### What is needed
Go through the entries below and return every line that contains "White".

### Records provided
--

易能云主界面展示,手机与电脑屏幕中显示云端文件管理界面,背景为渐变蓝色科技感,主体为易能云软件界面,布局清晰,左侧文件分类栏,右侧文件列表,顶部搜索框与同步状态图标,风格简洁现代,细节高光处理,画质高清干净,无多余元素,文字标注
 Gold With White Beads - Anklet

--

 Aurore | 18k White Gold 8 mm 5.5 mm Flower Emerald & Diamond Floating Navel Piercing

--

### Answer
 Gold With White Beads - Anklet
 Aurore | 18k White Gold 8 mm 5.5 mm Flower Emerald & Diamond Floating Navel Piercing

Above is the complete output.